In order to guard against all of this, and to collect all of the launch information into a coherent plan, I am designing a C++ object to store each kernel’s selected launch parameters given various conditions at run time as well as different branches of the kernel itself. (Will it compute energy, forces on particles, both? Want single- or double-precision numbers? What about the way it will accumulate results?) All of these details can have minor effects on the register pressure and thus the ideal number of threads to use, and of course the GPU itself has a lot to do with it. I seek to set the launch bounds with pre-processor directives, but then have details of the GPU and other conditions (MiG active? Size and configuration of the workload?) handled at run time to further tune the launch parameters. To guard against the aforementioned rookie mistakes, I would like to have methods in the C++ object to check that these launch parameters fit with the launch bounds.

I know that there are methods for setting things like __shared__ memory configuration for specific kernels at run time. I hope there is a way to query the launch bounds configuration of that kernel, too?

I believe
cudaFuncGetAttributes

maxThreadsPerBlock

should do it.

What a wealth of information–I will continue to compile with --ptxas-options=“-v” but the ability to pull out the number of registers per thread at runtime could be a very nice asset. This and related attributes handled through my GPU launch controls object would give me a way to offer users a CLI method for printing critical information about their kernels on whatever architecture–I wouldn’t have to have their specific GPU to at least get some indications of what their compilation looks like.

Now where’s the :thanks: emoji?

Reviving this discussion, as I am not seeing the expected results from cudaFuncGetAttributes.

When I compile with --ptxas-options="-v" I am seeing 55, 56, 61 registers per thread in single-precision variants of my kernels and upwards of 100 registers per thread in the double-precision variants. When I query those properties, I often find register usage of 28 to 32 for the single-precision variants, and consistently just 16 for double-precision variants. The single-precision non-bonded kernel I wrote fares a little better under this analysis, compiling with 40 or 48 registers according to --pxtas-options="-v" output and returning accurate results when queried with cudaFuncGetAttributes. But again, the double-precision variants of even that function report much lower register usage (again, 26 to 32) when it should be in the 70s or 80s.
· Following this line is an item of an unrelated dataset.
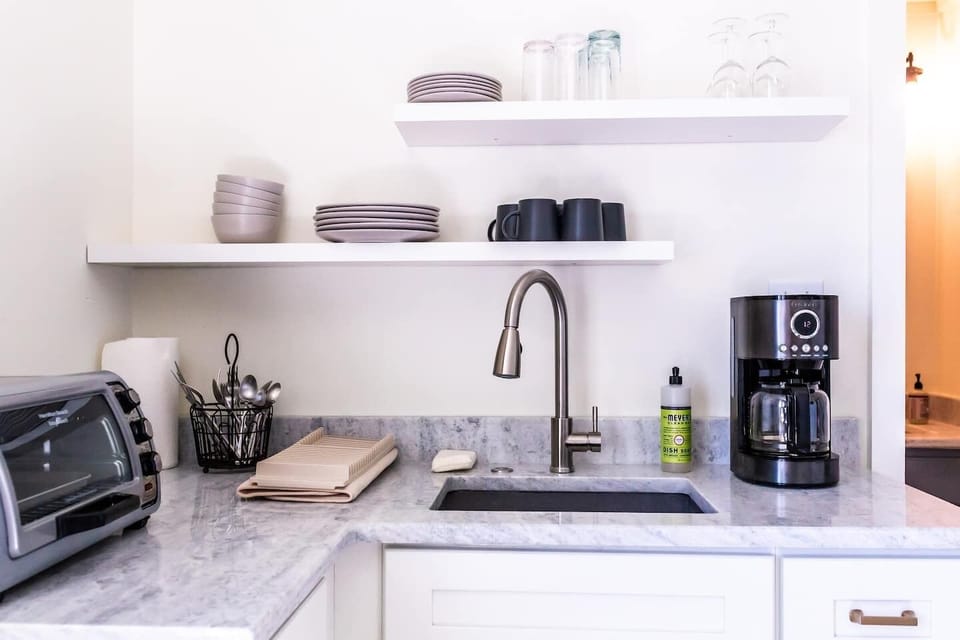 Toaster oven, coffee maker, microwave, and refrigerator all available in this kitchenette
Any idea what I might be doing wrong? I am calling cudaFuncGetAttributes like this:

  cudaFuncAttributes attr;
  if (cudaFuncGetAttributes(&attr, ktgfNonbondedForceEnergy) != cudaSuccess) {
    rtErr("Error obtaining attributes for kernel kfsValenceForceAccumulation.",
          "queryValenceKernelRequirements");
  }
  wisdom->catalogNonbondedKernel(PrecisionModel::SINGLE, NbwuKind::TILE_GROUPS, EvaluateForce::YES,
                                 EvaluateEnergy::YES, ForceAccumulationMethod::WHOLE,
                                 attr.maxThreadsPerBlock, attr.numRegs, attr.sharedSizeBytes);

I see no runtime exceptions thrown by these calls–rtErr is there to create such things in the event of anything I flag as a problem. The second call there is one of my own objects for cataloging all this stuff, but unless cudaFuncAttributes.numRegs is not the thing that stores the register count (and why would it get the right answer in agreement with --ptxas some of the time otherwise?), I’m lost here.

Cheers!

Just a complete guess here. It may have something to do with relocatable device code and device code linking. You haven’t indicated whether that is involved, nor have you given me an example I can work with. My 5 minutes spent trying to come up with an example quickly didn’t pan out.

And I’m assuming this inquiry is completely separate from the maxThreadsPerBlock discussion.

A good thought, but I am not using --rdc in my compilation (at least I hope relocatable device code is OFF unless one calls for it). The question is related to the maxThreadsPerBlock discussion. Whereas I can infer from the maxThreadsPerBlock that the register usage is less than or equal to 64k / maxThreadsPerBlock I would have liked to know what the actual register usage was. If I compiled the kernel for maxThreadsPerBlock > 768, I can be reasonably assured that the compilation has only budgeted for a single block per multiprocessor, but for blocks of, say, 256 threads, the number of registers is a valuable thing to know so that I understand how many of such blocks can fit onto a single SM. The __shared__ usage is accurate, from what I can tell.

If you use --rdc you are presumably also using link-time optimization? Register counts presumably are not finalized until after the link step in this case.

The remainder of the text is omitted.